Re: [PATCH bpf-next 3/4] bpf: Introduce path iterator

Mickaël Salaün <mic@xxxxxxxxxxx> · Fri, 30 May 2025 14:20:39 +0200

On Thu, May 29, 2025 at 05:42:16PM -0700, Song Liu wrote:
> On Thu, May 29, 2025 at 4:10 PM Al Viro <viro@xxxxxxxxxxxxxxxxxx> wrote:
> >
> > On Thu, May 29, 2025 at 03:13:10PM -0700, Song Liu wrote:
> >
> > > Is it an issue if we only hold a reference to a MNT_LOCKED mount for
> > > short period of time? "Short period" means it may get interrupted, page
> > > faults, or wait for an IO (read xattr), but it won't hold a reference to the
> > > mount and sleep indefinitely.
> >
> > MNT_LOCKED mount itself is not a problem.  What shouldn't be done is
> > looking around in the mountpoint it covers.  It depends upon the things
> > you are going to do with that, but it's very easy to get an infoleak
> > that way.
> >
> > > > OTOH, there's a good cause for moving some of the flags, MNT_LOCKED
> > > > included, out of ->mnt_flags and into a separate field in struct mount.
> > > > However, that would conflict with any code using that to deal with
> > > > your iterator safely.
> > > >
> > > > What's more, AFAICS in case of a stack of mounts each covering the root
> > > > of parent mount, you stop in each of those.  The trouble is, umount(2)
> > > > propagation logics assumes that intermediate mounts can be pulled out of
> > > > such stack without causing trouble.  For pathname resolution that is
> > > > true; it goes through the entire stack atomically wrt that stuff.
> > > > For your API that's not the case; somebody who has no idea about an
> > > > intermediate mount being there might get caught on it while it's getting
> > > > pulled from the stack.
> > > >
> > > > What exactly do you need around the mountpoint crossing?
> > >
> > > I thought about skipping intermediate mounts (that are hidden by
> > > other mounts).
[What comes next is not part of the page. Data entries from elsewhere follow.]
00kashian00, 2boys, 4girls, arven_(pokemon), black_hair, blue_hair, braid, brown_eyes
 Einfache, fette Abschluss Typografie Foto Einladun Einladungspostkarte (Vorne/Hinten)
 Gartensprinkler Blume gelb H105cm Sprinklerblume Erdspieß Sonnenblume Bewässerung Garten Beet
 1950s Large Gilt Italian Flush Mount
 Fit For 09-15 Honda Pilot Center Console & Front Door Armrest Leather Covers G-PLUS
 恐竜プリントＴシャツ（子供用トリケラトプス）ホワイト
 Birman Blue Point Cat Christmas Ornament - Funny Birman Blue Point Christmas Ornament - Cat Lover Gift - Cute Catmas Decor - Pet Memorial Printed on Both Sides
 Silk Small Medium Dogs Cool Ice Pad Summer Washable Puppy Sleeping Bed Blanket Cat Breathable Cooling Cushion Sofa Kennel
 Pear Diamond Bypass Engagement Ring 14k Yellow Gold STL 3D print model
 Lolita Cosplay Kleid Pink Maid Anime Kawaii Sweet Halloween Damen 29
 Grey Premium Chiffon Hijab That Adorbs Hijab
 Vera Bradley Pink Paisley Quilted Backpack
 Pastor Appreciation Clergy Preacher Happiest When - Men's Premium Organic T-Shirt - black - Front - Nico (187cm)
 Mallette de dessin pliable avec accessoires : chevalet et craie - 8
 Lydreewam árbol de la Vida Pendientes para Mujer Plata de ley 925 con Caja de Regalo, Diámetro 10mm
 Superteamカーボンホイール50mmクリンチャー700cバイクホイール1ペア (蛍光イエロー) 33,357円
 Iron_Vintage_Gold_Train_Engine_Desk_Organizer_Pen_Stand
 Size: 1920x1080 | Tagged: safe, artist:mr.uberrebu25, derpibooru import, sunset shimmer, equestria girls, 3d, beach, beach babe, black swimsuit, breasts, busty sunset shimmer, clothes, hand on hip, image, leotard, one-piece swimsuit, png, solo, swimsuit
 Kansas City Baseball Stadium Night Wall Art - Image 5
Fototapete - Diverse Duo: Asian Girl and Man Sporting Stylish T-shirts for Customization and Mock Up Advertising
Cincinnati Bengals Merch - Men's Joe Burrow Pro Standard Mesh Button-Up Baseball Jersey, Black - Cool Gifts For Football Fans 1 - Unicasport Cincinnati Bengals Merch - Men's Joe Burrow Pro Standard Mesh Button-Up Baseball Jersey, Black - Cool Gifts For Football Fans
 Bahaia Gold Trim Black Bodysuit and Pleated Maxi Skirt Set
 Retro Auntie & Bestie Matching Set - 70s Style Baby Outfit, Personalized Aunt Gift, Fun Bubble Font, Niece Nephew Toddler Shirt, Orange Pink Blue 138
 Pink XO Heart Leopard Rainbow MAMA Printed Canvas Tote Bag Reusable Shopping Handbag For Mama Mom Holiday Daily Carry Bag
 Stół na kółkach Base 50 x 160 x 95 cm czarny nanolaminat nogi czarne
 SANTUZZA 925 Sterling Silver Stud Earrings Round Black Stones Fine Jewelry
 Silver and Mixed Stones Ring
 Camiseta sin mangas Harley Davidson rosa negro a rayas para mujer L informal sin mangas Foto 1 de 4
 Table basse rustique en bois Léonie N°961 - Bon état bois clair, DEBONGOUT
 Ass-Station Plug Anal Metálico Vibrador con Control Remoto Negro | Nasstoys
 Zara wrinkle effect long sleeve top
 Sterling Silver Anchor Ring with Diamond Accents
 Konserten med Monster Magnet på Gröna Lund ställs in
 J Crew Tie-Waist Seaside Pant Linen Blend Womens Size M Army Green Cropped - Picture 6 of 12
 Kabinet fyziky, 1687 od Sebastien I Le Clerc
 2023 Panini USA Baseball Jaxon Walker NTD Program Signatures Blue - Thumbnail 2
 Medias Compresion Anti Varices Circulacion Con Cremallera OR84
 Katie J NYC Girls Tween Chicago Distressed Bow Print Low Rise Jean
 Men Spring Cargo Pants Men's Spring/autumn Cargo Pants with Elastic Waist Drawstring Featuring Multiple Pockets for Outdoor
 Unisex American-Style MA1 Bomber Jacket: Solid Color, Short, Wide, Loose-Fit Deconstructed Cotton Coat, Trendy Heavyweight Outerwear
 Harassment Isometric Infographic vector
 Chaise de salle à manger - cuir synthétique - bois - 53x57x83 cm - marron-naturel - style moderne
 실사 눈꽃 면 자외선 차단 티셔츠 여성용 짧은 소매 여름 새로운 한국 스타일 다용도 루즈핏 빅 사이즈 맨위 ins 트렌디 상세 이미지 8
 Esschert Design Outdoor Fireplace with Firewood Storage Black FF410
AFAICT, not skipping them will not cause any issue.
> >
> > It can.  Suppose e.g. that /mnt gets propagation from another namespace,
> > but not the other way round and you mount something on /mnt.
> >
> > Later, in that another namespace, somebody mounts something on wherever
> > your /mnt gets propagation to.  A copy will be propagated _between_
> > your /mnt and whatever you've mounted on top of it; it will be entirely
> > invisible until you umount your /mnt.  At that point the propagated
> > copy will show up there, same as if it had appeared just after your
> > umount.  Prior to that it's entirely invisible.  If its original
> > counterpart in another namespace gets unmounted first, the copy will
> > be quietly pulled out.
> 
> Thanks for sharing this information!
> 
> > Note that choose_mountpoint_rcu() callers (including choose_mountpoint())
> > will have mount_lock seqcount sampled before the traversal _and_ recheck
> > it after having reached the bottom of stack.  IOW, if you traverse ..
> > on the way to root, you won't get caught on the sucker being pulled out.
> 
> In some of our internal discussions, we talked about using
> choose_mountpoint() instead of follow_up(). I didn't go that direction in this
> version because it requires holding "root". But if it makes more sense
> to use, choose_mountpoint(), we sure can hold "root".
> 
> Alternatively, I think it is also OK to pass a zero'ed root to
> choose_mountpoint().
> 
> > Your iterator, OTOH, would stop in that intermediate mount - and get
> > an unpleasant surprise when it comes back to do the next step (towards
> > /mnt on root filesystem, that is) and finds that path->mnt points
> > to something that is detached from everything - no way to get from
> > it any further.  That - despite the fact that location you've started
> > from is still mounted, still has the same pathname, etc. and nothing
> > had been disrupted for it.
> >
> > And yes, landlock has a narrow race in the matching place.  Needs to
> > be fixed.  At least it does ignore those as far as any decisions are
> > concerned...

Thanks for pointing this out.  In the case of Landlock, walking to a
disconnected mount point (because of this umount race condition) would
deny the requested access whereas it may be allowed otherwise.  This is
not a security issue but still an issue because an event unrelated to
the request (umount) can abort a path resolution, which should not be
the case.

Without access to mount_lock, what would be the best way to fix this
Landlock issue while making it backportable?

> 
> If we update path_parent in this patchset with choose_mountpoint(),
> and use it in Landlock, we will close this race condition, right?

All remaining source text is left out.